Gerçek şu ki, serebral disritmi olarak bilinen elektroensefalogramın anormal izi var, kullanımı güçleniyor ve nörofizyolojideki modern araştırmalar, şimdiye kadar bilinmeyen, beklenmedik bir teşhis dizisini açabilir.
Referanslar
- Gibbs, FA, Gibbs, EL ve Lennox, WG (1937). Epilepsi: bir paroksismal serebral disritmi. Beyin: Nöroloji Dergisi.
- Hill, D. (1944). Serebral disritmi: agresif davranıştaki önemi.
- Grossman, SA (2016). Yaşlı hastalarda düşmelerin açıklaması olarak disritmi ve gizli senkop.
- Christodoulou, GN, Margariti, M. ve Christodoulou, N. (2018). Procrustean bir yatakta sanrısal yanlış tanımlamalar.
- Finnigan, S. ve Colditz, PB (2017). Sağlıklı yenidoğanlarda baskın yavaş EEG aktivitesi: Geçici talamo-kortikal disritmi? Klinik nörofizyoloji: Uluslararası Klinik Nörofizyoloji Federasyonu resmi dergisi, 128 (1), 233.

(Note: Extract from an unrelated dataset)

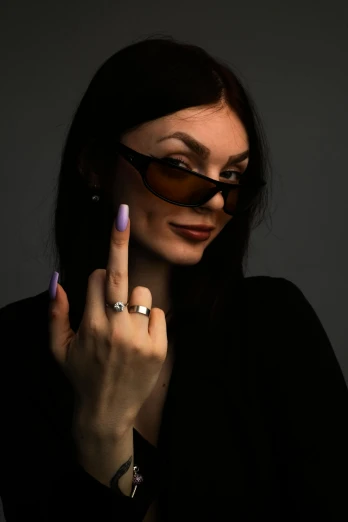 a woman in glasses, wearing a ring, is pointing her finger towards the camera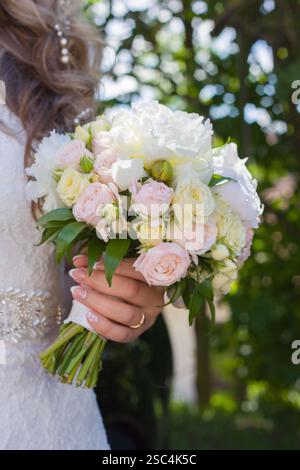 Die Braut hält einen Strauß aus weißen Pfingstrosen und weichen rosa Rosen in zarten Pastelltönen Stockfoto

- Çiftçi, AD, Ban, VF, Coen, SJ, Sanger, GJ, Barker, GJ, Gresty, MA,… & Andrews, PL (2015). Görsel olarak indüklenen mide bulantısı, insanlarda serebral, otonomik ve endokrin fonksiyonda karakteristik değişikliklere neden olur. Fizyoloji Dergisi, 593 (5), 1183-1196.
- Salehi, F., Riasi, H., Riasi, H. ve Mirshahi, A. (2018). Tanısal Bir Güçlük Olarak Disritmi ve Nöbetin Eş Zamanlı Oluşumu; bir Olgu Raporu. Acil durum, 6 (1).
- En iyisi, SRD (2018). ABD Patent Başvurusu No. 15 / 491,612.